[Start of section]

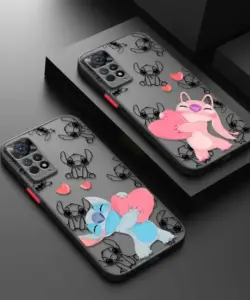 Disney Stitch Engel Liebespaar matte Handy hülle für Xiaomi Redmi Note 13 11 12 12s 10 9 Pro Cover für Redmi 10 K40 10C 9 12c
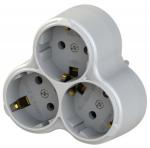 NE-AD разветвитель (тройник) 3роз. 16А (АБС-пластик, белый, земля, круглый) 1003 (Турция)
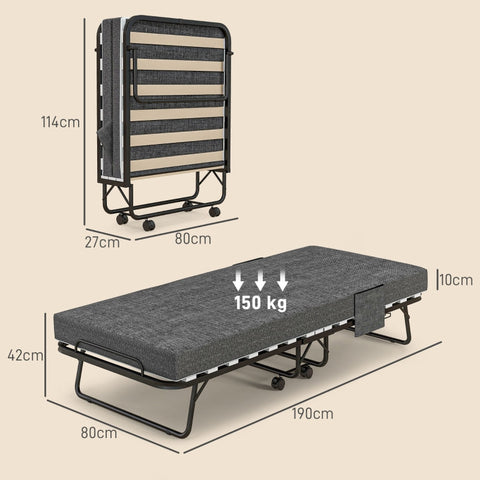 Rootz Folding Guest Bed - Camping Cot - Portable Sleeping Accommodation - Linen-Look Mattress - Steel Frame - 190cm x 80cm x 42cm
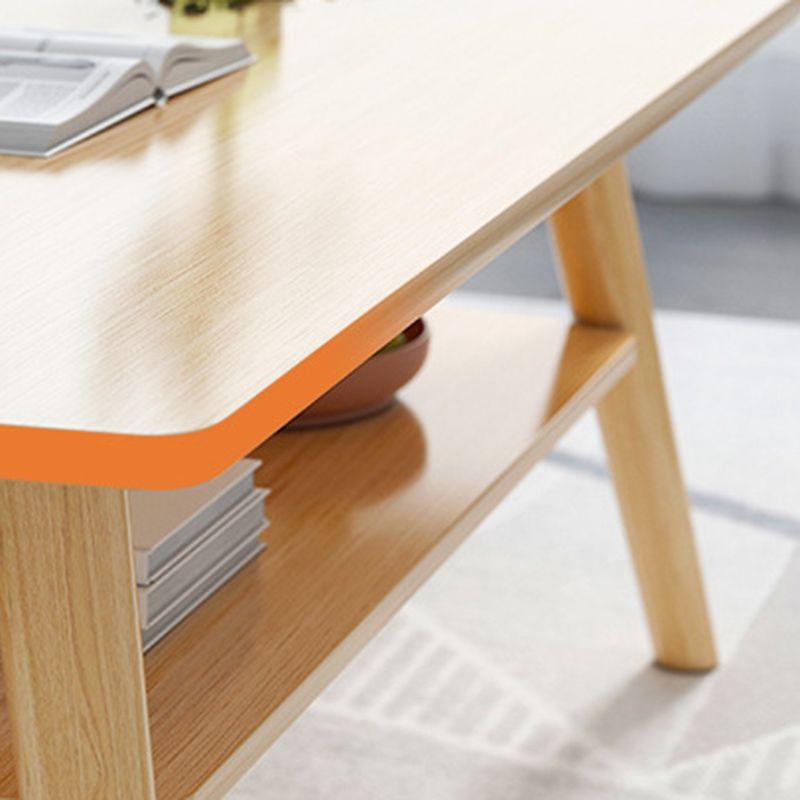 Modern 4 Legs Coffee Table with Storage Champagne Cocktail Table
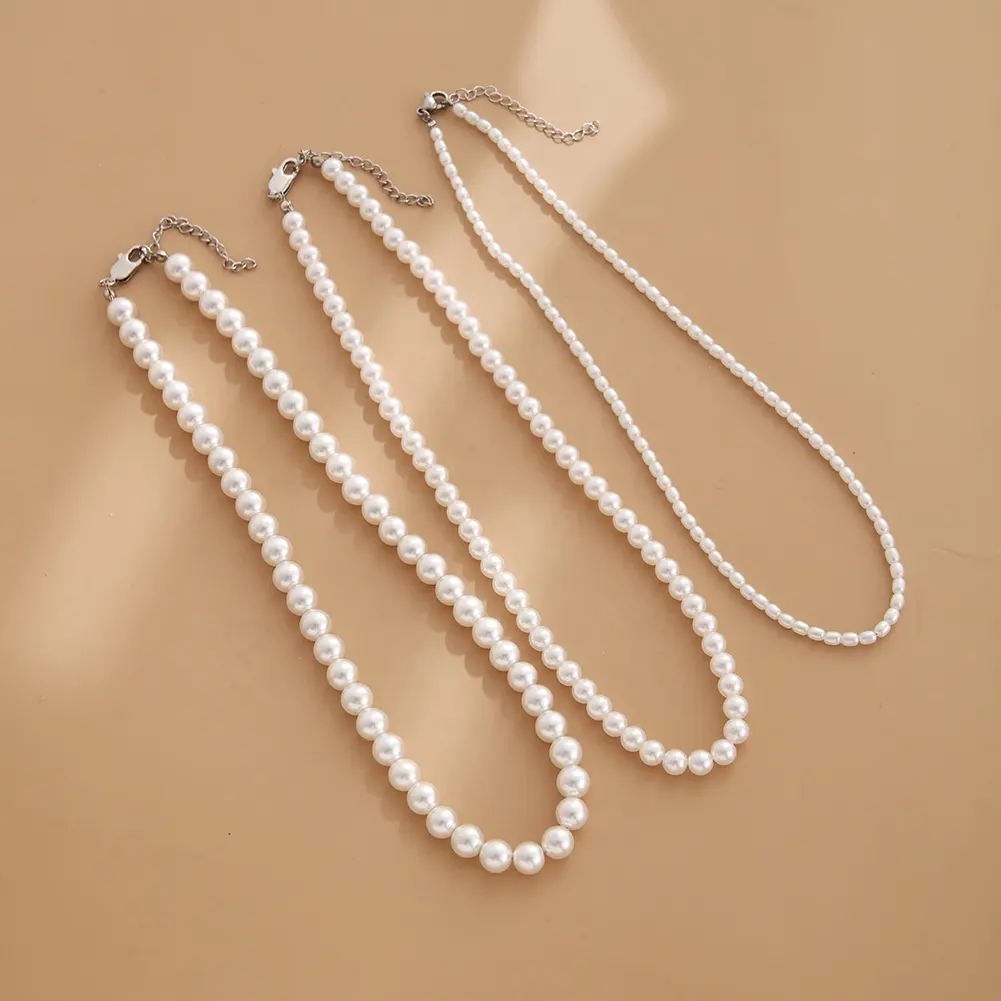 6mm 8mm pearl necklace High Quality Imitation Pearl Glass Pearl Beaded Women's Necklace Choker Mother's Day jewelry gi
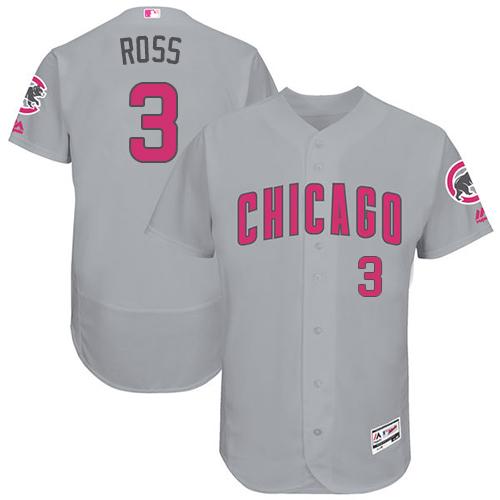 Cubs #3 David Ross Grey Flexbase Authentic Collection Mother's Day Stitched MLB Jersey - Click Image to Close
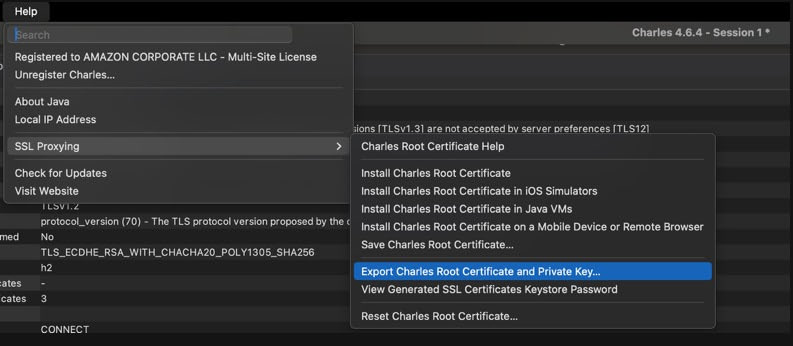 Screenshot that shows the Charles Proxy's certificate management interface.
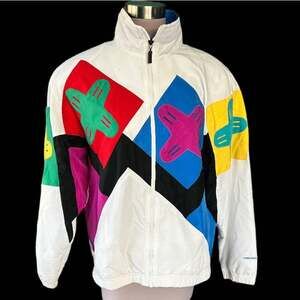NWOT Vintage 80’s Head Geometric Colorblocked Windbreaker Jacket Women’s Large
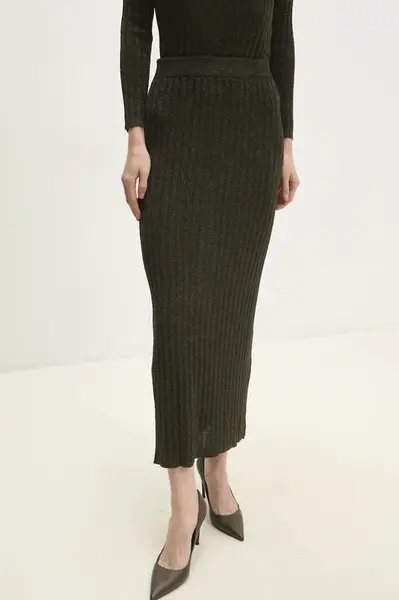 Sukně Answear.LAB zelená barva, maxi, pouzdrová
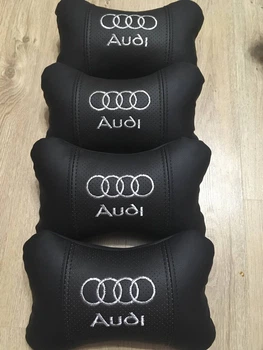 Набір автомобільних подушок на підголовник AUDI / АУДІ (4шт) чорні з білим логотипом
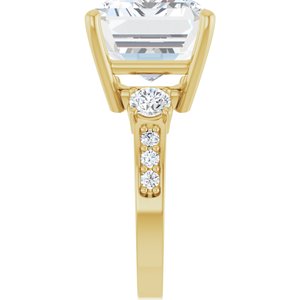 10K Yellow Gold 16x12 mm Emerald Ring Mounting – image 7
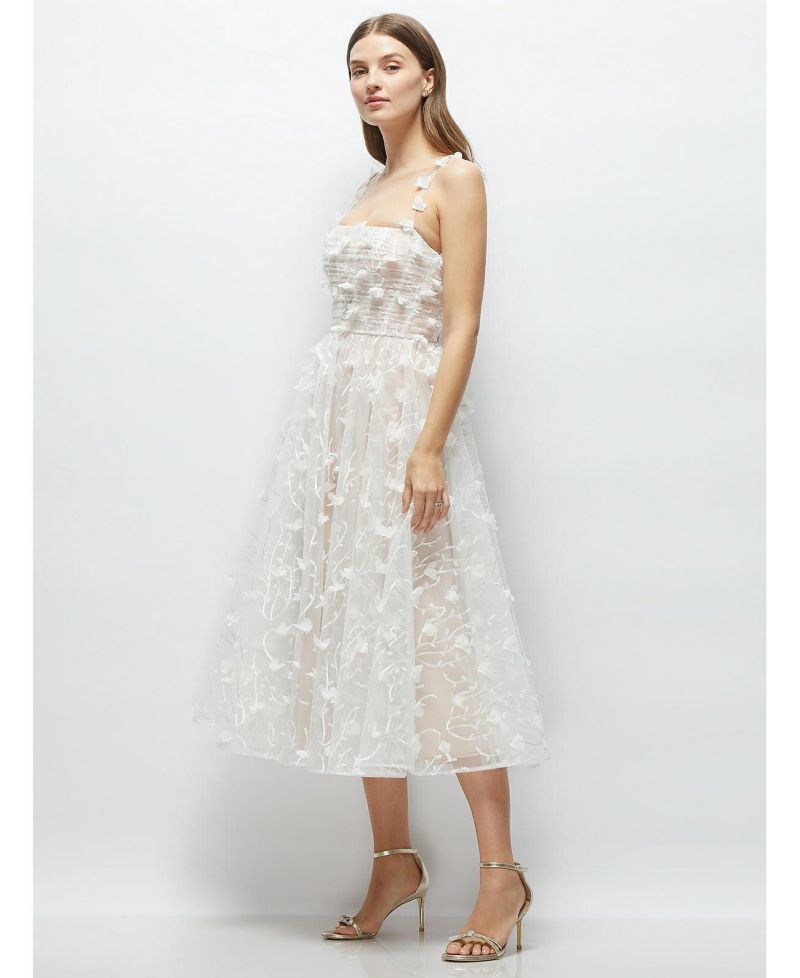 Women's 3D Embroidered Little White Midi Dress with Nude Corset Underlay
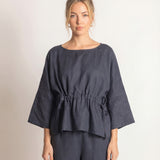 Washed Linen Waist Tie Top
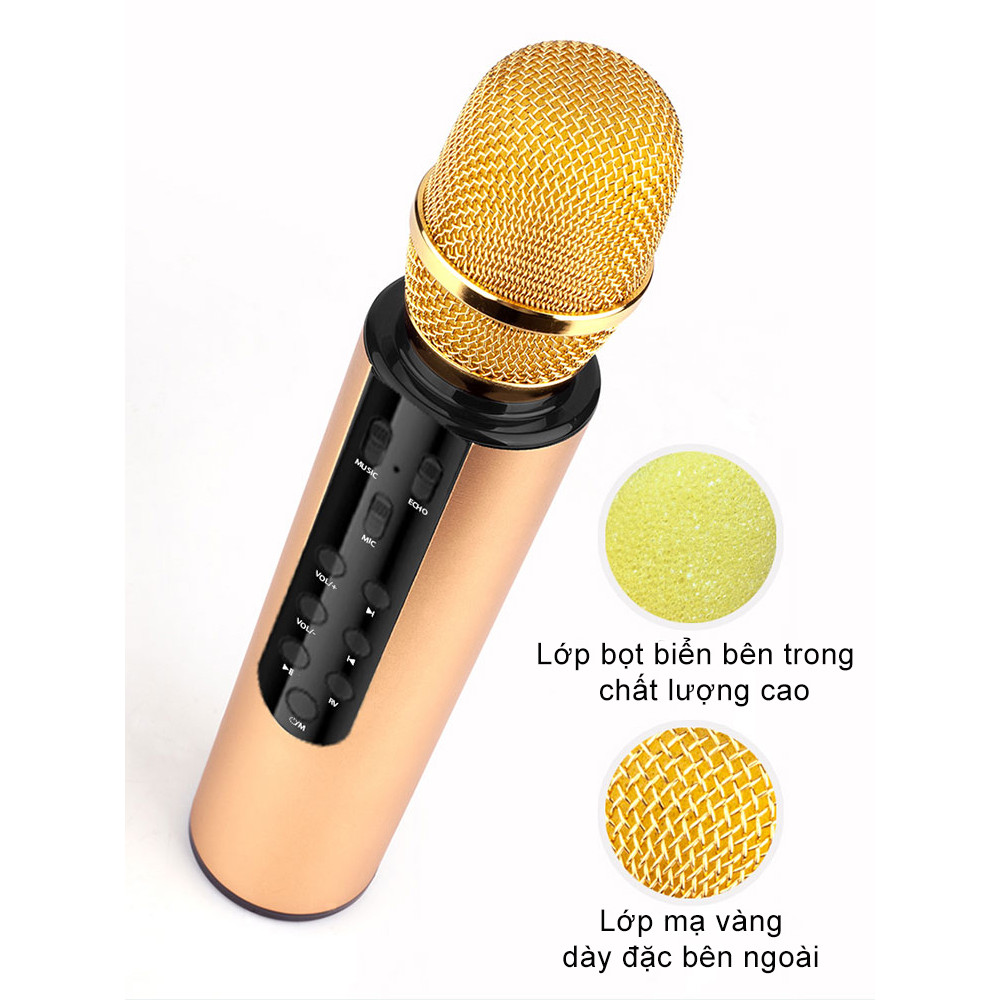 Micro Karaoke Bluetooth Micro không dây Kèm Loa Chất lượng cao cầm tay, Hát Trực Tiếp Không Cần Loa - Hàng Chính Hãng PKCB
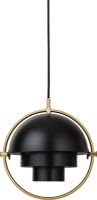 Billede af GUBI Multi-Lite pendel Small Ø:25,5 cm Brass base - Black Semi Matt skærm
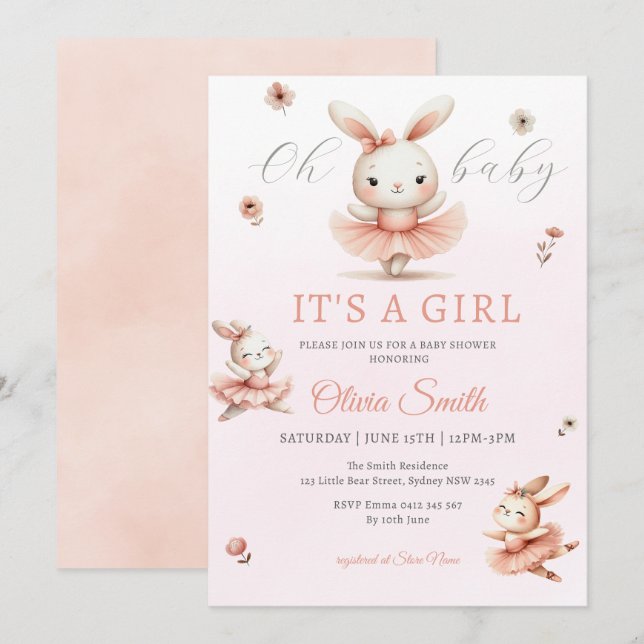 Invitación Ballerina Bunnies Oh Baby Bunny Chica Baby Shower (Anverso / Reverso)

[End of section]

> [What you are asked to do] Copy the material exactly. Do not include the pictures.

> [Solution below]
 Disney Stitch Engel Liebespaar matte Handy hülle für Xiaomi Redmi Note 13 11 12 12s 10 9 Pro Cover für Redmi 10 K40 10C 9 12c
 NE-AD разветвитель (тройник) 3роз. 16А (АБС-пластик, белый, земля, круглый) 1003 (Турция)
 Rootz Folding Guest Bed - Camping Cot - Portable Sleeping Accommodation - Linen-Look Mattress - Steel Frame - 190cm x 80cm x 42cm
 Modern 4 Legs Coffee Table with Storage Champagne Cocktail Table
 6mm 8mm pearl necklace High Quality Imitation Pearl Glass Pearl Beaded Women's Necklace Choker Mother's Day jewelry gi
 Cubs #3 David Ross Grey Flexbase Authentic Collection Mother's Day Stitched MLB Jersey - Click Image to Close
 Screenshot that shows the Charles Proxy's certificate management interface.
NWOT Vintage 80’s Head Geometric Colorblocked Windbreaker Jacket Women’s Large
 Sukně Answear.LAB zelená barva, maxi, pouzdrová
 Набір автомобільних подушок на підголовник AUDI / АУДІ (4шт) чорні з білим логотипом
 10K Yellow Gold 16x12 mm Emerald Ring Mounting – image 7
 Women's 3D Embroidered Little White Midi Dress with Nude Corset Underlay
 Washed Linen Waist Tie Top
 Micro Karaoke Bluetooth Micro không dây Kèm Loa Chất lượng cao cầm tay, Hát Trực Tiếp Không Cần Loa - Hàng Chính Hãng PKCB
 Billede af GUBI Multi-Lite pendel Small Ø:25,5 cm Brass base - Black Semi Matt skærm
 Invitación Ballerina Bunnies Oh Baby Bunny Chica Baby Shower (Anverso / Reverso)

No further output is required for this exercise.